Константин отхлебнул сам, аккуратно завинтил бутылку и достал из внутреннего кармана свою солидную кожаную книжку. Развернул ее на первой странице и показал мне. Под целлофановой рамочкой была цветная фотография. Моментальная, снятая «поляроидом».
На фоне Эйфелевой башни в Париже, обнявшись, стояли трое. Людмилу я сразу узнал. Разве можно ее не узнать сразу? С обеих сторон ее обнимали улыбающиеся мужчины. В одном я узнал Константина, в другом – профессора русской литературы – месье Леона…
16
Тринадцатая страница
Дальше мы ехали молча. И к бутылке уже не прикладывались. Не до этого было. Бутылку Константин захватил у антиквара, чтобы меня отблагодарить. Он считал, что я заслужил ее, потому что еще вчера, в первом нашем с ним разговоре, вычислил профессора… А вчера ли это было? За эти несколько дней столько событий свалилось на мою бедную голову, начиная с «дня защиты детей», что я уже потерял счет этим дням… Неужели только вчера я познакомился с Константином? Я напряг память и сообразил, что если сейчас вечер третьего июня, то действительно на ночном причале у Строгановского дворца я услышал его сытый, надежный голос ранним утром второго, то есть, выходит, только вчера… Господи, а мне почему-то кажется, что я знаком с ним, как с его Людмилой, лет с трех… Наверное, потому, что он тоже обладает той же энергоинформационной мощью, что и она… Ведь я только голос его услышал и сразу захотел увидеть его. И увидел. На свою голову…

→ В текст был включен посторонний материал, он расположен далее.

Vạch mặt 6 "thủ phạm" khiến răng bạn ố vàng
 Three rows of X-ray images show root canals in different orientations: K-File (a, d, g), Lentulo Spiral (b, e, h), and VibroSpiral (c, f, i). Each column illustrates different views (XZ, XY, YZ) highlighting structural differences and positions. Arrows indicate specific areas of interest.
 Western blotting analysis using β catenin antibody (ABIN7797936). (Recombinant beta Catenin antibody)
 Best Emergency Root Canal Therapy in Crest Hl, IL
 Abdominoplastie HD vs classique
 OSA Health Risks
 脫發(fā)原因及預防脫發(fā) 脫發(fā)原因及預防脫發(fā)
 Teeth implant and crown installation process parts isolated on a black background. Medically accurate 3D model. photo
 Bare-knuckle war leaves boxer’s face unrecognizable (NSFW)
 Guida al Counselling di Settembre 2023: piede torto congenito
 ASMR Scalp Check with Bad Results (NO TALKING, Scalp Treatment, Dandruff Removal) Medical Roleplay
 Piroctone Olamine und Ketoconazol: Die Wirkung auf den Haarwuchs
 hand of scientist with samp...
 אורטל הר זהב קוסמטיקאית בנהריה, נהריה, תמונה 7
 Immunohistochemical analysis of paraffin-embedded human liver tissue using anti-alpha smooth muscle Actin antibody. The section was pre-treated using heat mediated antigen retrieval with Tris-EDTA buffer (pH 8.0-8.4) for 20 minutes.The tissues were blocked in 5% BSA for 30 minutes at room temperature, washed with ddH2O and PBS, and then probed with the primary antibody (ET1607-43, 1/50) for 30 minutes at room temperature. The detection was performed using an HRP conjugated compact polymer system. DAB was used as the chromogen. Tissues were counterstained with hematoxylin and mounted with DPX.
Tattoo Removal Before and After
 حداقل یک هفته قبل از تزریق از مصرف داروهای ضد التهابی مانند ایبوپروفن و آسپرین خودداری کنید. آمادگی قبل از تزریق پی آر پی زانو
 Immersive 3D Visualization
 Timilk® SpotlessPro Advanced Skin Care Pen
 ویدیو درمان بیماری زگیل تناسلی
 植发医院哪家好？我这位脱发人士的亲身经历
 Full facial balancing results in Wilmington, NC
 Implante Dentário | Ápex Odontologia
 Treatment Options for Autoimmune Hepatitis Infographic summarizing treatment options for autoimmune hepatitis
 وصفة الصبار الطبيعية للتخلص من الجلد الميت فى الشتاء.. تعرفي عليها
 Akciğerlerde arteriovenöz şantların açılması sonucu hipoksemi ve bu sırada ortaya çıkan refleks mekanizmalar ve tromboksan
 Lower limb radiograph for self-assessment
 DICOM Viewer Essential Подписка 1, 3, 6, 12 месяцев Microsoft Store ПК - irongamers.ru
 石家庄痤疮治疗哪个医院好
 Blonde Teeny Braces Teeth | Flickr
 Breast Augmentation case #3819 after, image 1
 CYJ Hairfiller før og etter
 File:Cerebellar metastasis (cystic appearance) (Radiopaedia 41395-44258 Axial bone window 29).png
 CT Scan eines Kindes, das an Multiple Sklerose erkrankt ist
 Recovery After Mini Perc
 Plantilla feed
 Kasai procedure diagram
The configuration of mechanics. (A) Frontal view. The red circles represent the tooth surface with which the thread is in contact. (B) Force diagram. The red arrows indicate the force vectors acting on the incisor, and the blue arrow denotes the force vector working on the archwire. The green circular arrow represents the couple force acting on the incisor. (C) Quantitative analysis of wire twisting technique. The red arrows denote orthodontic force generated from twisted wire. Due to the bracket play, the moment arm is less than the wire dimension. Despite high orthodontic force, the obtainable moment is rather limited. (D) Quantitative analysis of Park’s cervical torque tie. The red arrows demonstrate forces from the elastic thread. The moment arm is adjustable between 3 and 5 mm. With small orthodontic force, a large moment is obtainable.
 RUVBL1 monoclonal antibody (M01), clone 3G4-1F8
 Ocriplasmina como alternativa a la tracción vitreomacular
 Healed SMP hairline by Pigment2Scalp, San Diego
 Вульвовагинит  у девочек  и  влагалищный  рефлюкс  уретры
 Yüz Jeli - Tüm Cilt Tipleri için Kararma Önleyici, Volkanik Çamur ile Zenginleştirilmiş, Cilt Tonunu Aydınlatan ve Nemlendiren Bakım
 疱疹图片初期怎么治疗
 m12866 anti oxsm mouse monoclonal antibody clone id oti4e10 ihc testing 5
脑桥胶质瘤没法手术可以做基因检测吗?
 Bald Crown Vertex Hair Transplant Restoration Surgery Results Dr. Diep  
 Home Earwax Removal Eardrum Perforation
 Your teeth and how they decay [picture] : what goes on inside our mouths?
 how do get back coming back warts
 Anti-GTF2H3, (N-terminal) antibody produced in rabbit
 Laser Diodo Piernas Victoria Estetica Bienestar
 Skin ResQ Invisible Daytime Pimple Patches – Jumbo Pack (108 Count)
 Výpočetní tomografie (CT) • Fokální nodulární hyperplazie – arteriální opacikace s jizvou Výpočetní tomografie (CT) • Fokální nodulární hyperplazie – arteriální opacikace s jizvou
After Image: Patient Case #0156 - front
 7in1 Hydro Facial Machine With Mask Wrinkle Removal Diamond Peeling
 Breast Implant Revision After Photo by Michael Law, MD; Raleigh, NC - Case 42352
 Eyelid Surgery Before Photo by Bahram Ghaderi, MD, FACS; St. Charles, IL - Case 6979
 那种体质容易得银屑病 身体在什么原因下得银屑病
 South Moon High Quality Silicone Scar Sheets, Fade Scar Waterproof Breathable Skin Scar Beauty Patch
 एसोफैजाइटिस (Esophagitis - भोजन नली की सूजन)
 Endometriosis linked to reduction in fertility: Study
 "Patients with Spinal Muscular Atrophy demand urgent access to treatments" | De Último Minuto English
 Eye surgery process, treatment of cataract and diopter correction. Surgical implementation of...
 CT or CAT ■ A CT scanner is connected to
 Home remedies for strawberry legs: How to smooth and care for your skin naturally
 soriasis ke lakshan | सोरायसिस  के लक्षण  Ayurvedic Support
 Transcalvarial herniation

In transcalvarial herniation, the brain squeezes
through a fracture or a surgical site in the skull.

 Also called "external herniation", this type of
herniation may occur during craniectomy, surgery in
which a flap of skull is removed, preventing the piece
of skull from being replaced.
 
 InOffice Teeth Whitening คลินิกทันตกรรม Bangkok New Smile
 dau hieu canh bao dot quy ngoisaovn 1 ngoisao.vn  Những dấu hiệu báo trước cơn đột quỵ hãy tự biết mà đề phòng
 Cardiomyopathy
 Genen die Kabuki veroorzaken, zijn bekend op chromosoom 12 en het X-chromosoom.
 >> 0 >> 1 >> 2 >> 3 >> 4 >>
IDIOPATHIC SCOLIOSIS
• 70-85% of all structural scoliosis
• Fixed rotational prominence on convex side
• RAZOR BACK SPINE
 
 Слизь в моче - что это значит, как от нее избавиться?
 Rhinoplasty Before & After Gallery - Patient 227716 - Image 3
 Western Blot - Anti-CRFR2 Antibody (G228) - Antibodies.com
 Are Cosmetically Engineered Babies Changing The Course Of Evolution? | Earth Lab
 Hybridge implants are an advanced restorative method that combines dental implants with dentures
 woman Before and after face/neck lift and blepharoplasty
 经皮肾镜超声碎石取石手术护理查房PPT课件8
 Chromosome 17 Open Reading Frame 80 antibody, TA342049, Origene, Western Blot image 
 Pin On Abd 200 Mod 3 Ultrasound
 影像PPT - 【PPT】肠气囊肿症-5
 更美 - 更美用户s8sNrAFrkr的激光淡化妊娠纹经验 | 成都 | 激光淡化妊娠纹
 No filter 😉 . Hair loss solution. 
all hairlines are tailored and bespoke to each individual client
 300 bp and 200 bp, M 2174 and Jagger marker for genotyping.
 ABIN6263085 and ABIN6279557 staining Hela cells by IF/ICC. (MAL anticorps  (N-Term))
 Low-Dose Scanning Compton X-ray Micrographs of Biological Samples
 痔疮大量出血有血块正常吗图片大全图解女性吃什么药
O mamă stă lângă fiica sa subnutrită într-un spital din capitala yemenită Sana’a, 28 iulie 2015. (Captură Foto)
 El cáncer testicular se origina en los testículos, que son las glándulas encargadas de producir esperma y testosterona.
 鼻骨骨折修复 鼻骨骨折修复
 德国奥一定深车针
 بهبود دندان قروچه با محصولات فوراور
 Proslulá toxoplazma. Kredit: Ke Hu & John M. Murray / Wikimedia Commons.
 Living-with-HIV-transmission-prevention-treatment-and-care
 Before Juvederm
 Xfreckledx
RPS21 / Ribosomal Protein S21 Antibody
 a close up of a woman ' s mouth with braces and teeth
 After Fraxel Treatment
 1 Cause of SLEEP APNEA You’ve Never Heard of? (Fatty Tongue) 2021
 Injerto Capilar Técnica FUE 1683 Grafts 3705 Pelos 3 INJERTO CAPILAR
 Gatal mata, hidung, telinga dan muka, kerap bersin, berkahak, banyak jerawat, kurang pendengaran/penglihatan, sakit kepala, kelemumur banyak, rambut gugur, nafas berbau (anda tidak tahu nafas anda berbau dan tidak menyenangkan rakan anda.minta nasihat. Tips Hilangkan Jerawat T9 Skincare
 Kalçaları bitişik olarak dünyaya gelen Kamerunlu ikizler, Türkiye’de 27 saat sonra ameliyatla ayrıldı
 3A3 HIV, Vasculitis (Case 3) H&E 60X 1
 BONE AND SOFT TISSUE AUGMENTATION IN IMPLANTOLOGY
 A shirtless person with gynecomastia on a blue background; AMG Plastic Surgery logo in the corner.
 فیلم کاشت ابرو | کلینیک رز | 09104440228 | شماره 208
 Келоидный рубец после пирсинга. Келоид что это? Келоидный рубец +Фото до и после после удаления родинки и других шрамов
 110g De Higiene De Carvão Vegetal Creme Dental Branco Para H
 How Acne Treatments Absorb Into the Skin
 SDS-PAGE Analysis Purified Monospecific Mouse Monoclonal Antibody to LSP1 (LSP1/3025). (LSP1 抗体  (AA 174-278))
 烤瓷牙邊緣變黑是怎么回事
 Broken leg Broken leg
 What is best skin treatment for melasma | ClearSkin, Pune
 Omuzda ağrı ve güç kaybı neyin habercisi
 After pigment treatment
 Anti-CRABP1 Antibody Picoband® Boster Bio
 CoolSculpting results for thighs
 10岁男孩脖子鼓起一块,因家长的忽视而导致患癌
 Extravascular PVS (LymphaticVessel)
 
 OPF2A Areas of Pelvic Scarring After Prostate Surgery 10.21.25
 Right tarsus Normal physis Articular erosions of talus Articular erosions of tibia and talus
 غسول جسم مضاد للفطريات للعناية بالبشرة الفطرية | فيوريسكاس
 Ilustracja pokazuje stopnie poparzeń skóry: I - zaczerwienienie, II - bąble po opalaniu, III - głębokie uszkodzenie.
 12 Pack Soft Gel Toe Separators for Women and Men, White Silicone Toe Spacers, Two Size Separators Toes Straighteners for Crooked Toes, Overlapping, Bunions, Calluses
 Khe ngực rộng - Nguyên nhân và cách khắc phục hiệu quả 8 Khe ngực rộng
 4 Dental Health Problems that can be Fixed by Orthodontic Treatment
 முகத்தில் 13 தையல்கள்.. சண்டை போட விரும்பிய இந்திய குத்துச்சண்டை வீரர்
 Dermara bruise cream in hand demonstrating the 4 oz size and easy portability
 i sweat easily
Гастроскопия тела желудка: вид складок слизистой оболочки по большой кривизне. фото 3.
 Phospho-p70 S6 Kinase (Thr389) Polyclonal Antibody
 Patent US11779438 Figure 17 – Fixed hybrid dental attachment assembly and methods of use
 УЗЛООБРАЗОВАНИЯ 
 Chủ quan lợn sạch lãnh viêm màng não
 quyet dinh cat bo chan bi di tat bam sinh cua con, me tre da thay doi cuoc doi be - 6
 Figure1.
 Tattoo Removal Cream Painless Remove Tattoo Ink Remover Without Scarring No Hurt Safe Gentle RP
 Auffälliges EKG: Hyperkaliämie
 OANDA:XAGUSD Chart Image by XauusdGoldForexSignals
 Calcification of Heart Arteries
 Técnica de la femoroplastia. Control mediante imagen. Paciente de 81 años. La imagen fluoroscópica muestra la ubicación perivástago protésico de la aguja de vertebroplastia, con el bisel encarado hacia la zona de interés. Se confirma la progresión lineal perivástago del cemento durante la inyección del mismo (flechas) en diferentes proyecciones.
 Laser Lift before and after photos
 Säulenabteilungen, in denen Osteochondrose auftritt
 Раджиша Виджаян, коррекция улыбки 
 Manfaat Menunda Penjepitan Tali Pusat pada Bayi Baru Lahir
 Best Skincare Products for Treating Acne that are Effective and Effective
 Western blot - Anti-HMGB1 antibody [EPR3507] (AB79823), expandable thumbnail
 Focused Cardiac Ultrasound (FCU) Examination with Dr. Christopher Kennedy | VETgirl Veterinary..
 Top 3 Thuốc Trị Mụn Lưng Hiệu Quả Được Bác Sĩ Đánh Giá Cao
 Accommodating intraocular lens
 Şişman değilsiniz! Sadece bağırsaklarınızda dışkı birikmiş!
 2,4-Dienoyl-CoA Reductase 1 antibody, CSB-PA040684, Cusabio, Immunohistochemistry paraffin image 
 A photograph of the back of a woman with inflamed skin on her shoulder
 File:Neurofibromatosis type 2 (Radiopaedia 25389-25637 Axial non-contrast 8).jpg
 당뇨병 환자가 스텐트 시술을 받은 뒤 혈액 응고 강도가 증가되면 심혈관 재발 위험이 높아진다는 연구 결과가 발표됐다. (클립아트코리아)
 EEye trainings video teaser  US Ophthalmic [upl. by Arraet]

Где-то уже в начале Кировского он толкнул меня коленом.
– Тебе куда, Ивас-сик? На Мойку? Домой?…
– Я понял, что от моего ответа зависит сейчас моя судьба. Я еще могу выйти из игры. Попасть туда, где меня никто не найдет. Константин ждал моего ответа, отвернувшись к окну, не мешая мне решать. И я сказал:
– У тебя же сегодня именины. Неужели ты меня не приглашаешь?
Он посмотрел на меня глазами цвета «металлик» внимательно, без улыбки.
– Я тебя приглашаю, Ивас-сик. Я устрою сегодня роскошный праздник. Дым столбом и простыни дыбом! Я понятно излагаю?
– Идет, – кивнул я.
Константин взял водителя за плечо.
– Отец, перестраивайся в крайний левый ряд. Поворачиваем на Литейный мост.
Мы вышли недалеко от кинотеатра «Ленинград» на Потемкинской. На прощание прокуренный «отец» сказал Константину:
– Ты сегодня осторожно гуляй, директор. Береги себя.
– Спасибо, отец, – Константин щедро рассчитался с пим. – И тебе
– того же. Крепче за баранку держись, шофер. Привет старухе.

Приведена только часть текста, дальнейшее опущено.